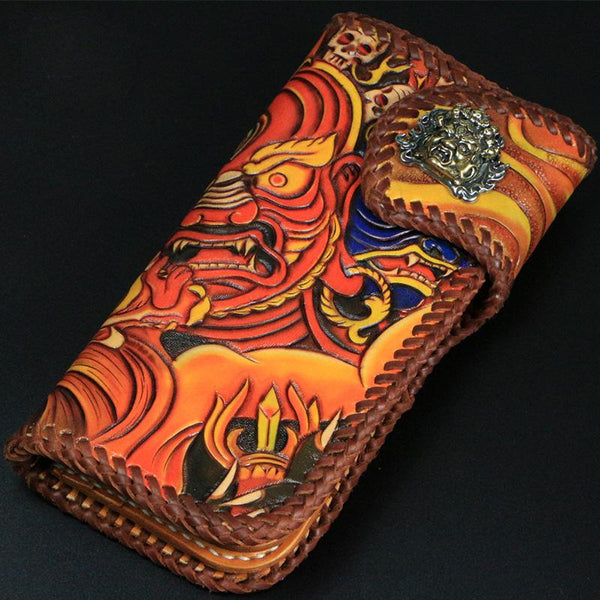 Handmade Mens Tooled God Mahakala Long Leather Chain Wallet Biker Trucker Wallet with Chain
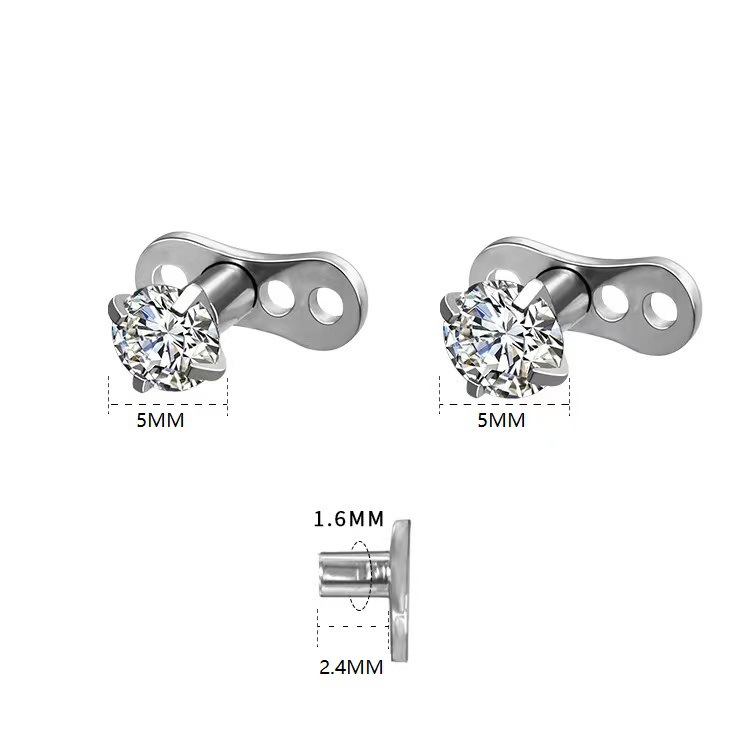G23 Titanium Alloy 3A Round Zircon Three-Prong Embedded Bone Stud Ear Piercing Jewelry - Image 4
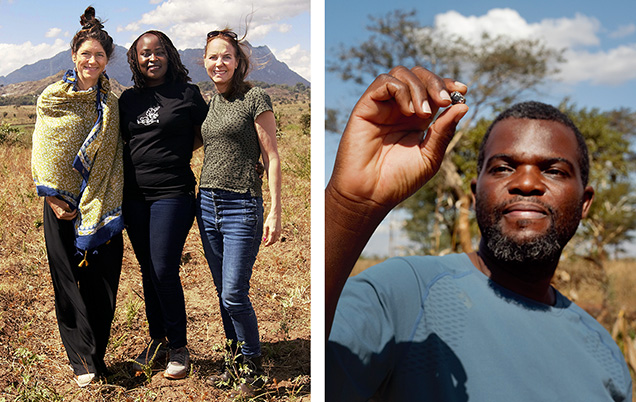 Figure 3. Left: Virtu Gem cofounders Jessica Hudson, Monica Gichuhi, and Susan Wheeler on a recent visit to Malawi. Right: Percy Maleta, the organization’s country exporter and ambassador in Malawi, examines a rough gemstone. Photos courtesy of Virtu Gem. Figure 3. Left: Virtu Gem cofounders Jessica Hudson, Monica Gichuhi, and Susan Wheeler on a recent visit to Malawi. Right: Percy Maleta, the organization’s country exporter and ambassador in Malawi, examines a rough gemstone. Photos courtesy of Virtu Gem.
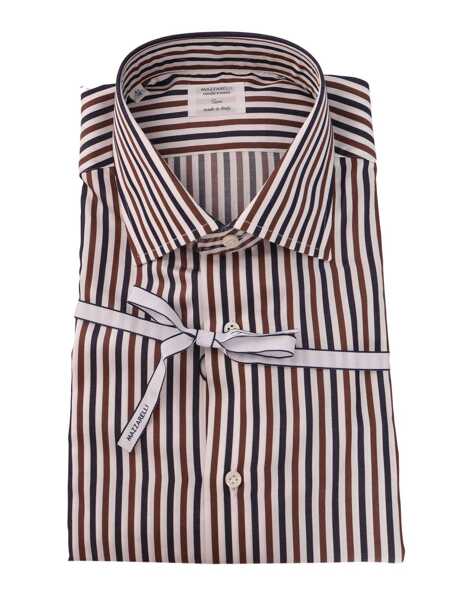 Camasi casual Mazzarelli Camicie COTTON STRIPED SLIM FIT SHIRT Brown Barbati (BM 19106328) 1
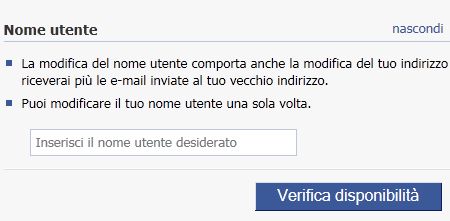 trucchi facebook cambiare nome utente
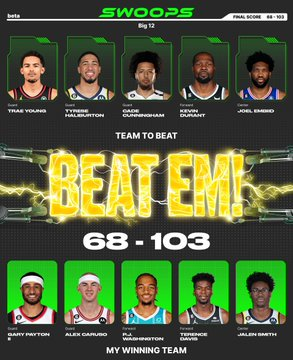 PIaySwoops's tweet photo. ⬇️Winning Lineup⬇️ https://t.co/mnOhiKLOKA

● ● ● ● ● ● ●

■ TO DO:
Give the listing again word for word, but drop every picture.

■ EXERCISE ANSWER:
 Handmade Mens Tooled God Mahakala Long Leather Chain Wallet Biker Trucker Wallet with Chain
G23 Titanium Alloy 3A Round Zircon Three-Prong Embedded Bone Stud Ear Piercing Jewelry - Image 4
 Figure 3. Left: Virtu Gem cofounders Jessica Hudson, Monica Gichuhi, and Susan Wheeler on a recent visit to Malawi. Right: Percy Maleta, the organization’s country exporter and ambassador in Malawi, examines a rough gemstone. Photos courtesy of Virtu Gem. Figure 3. Left: Virtu Gem cofounders Jessica Hudson, Monica Gichuhi, and Susan Wheeler on a recent visit to Malawi. Right: Percy Maleta, the organization’s country exporter and ambassador in Malawi, examines a rough gemstone. Photos courtesy of Virtu Gem.
 Camasi casual Mazzarelli Camicie COTTON STRIPED SLIM FIT SHIRT Brown Barbati (BM 19106328) 1
 trucchi facebook cambiare nome utente
 PIaySwoops's tweet photo. ⬇️Winning Lineup⬇️ https://t.co/mnOhiKLOKA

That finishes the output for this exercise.